Records START

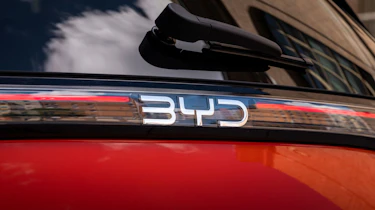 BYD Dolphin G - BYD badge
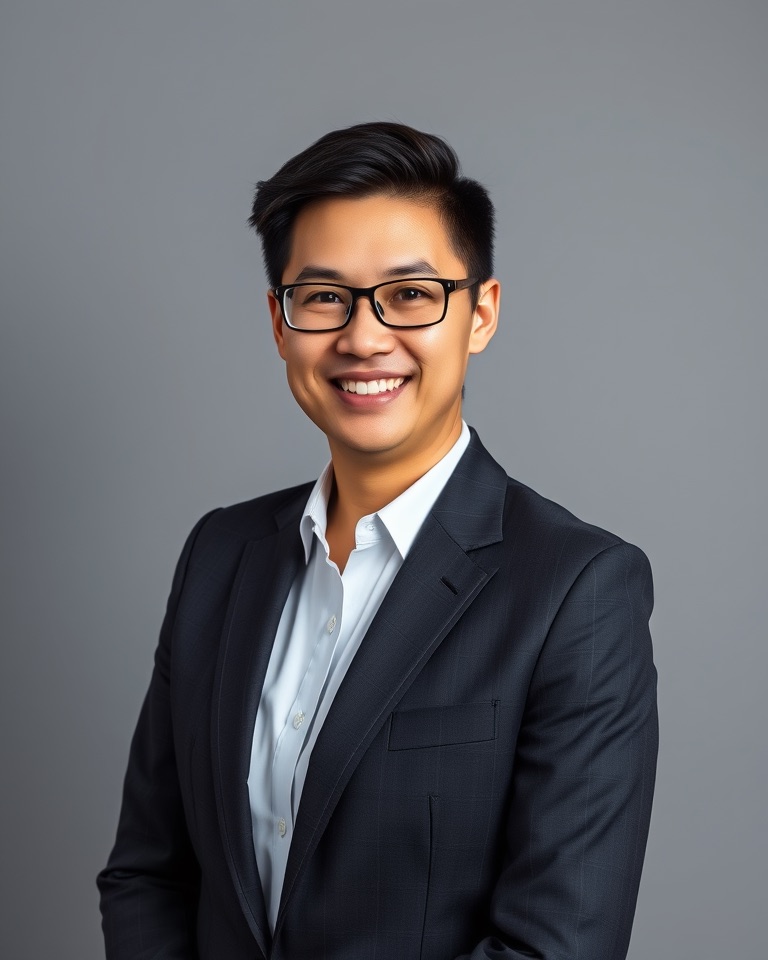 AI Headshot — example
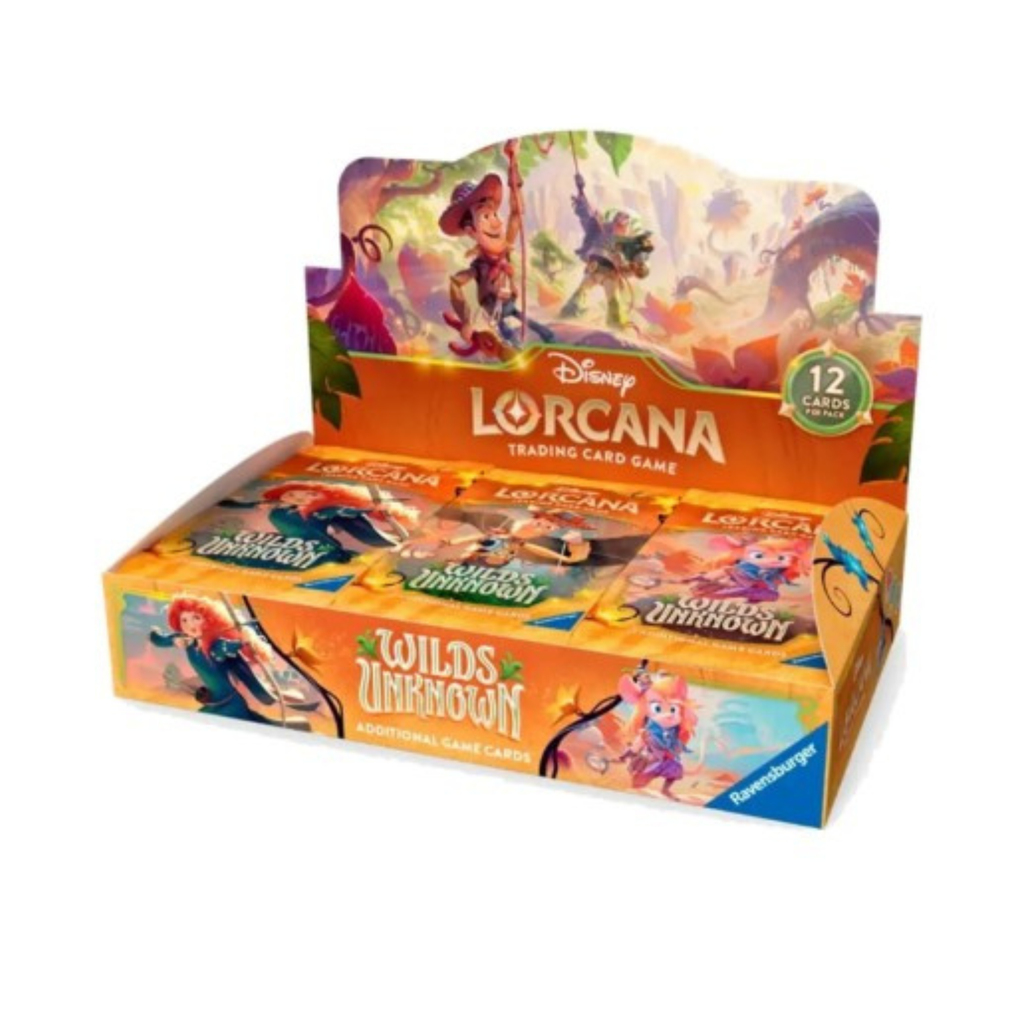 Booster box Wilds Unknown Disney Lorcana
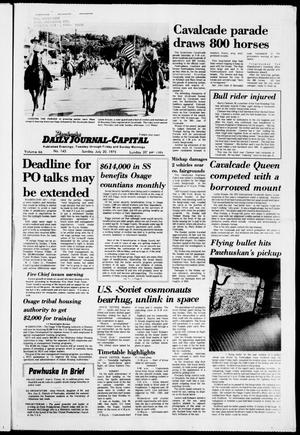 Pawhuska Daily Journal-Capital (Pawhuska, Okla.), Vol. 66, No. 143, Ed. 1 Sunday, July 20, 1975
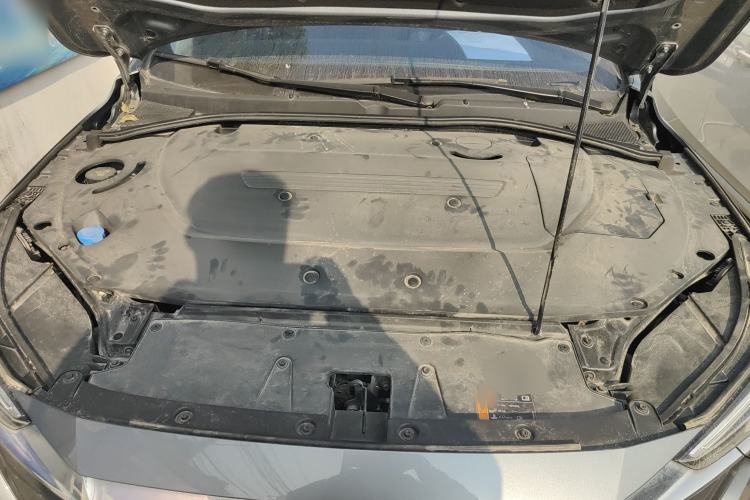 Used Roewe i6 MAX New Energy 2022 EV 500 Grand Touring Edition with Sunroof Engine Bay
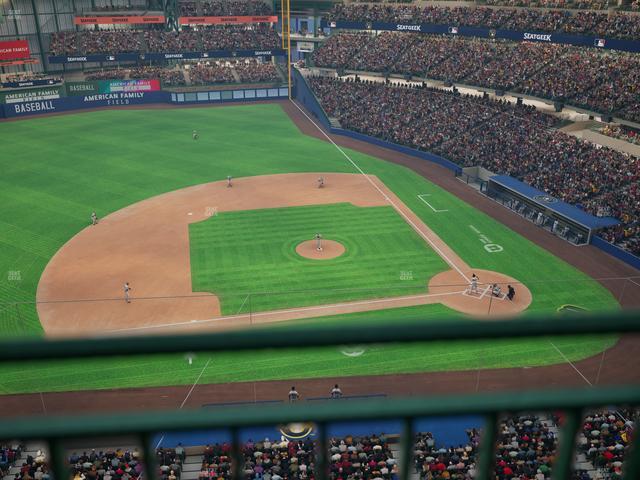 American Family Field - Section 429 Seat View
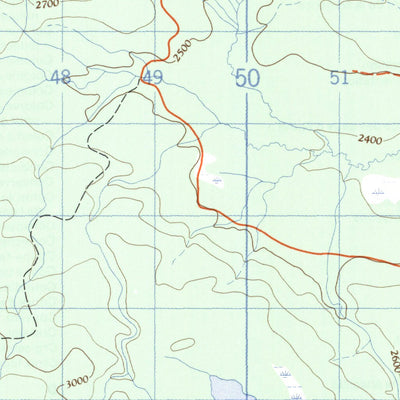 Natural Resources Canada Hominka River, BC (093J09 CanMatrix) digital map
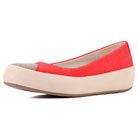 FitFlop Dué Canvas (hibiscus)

Records END

Your task:
A picture must not appear in the copy. Transcribe exactly the lines from the one with "Pawhuska Daily Journal-Capital" through the final line of the entries, both included, and no more.

Output below:
 Pawhuska Daily Journal-Capital (Pawhuska, Okla.), Vol. 66, No. 143, Ed. 1 Sunday, July 20, 1975
 Used Roewe i6 MAX New Energy 2022 EV 500 Grand Touring Edition with Sunroof Engine Bay
 American Family Field - Section 429 Seat View
 Natural Resources Canada Hominka River, BC (093J09 CanMatrix) digital map
 FitFlop Dué Canvas (hibiscus)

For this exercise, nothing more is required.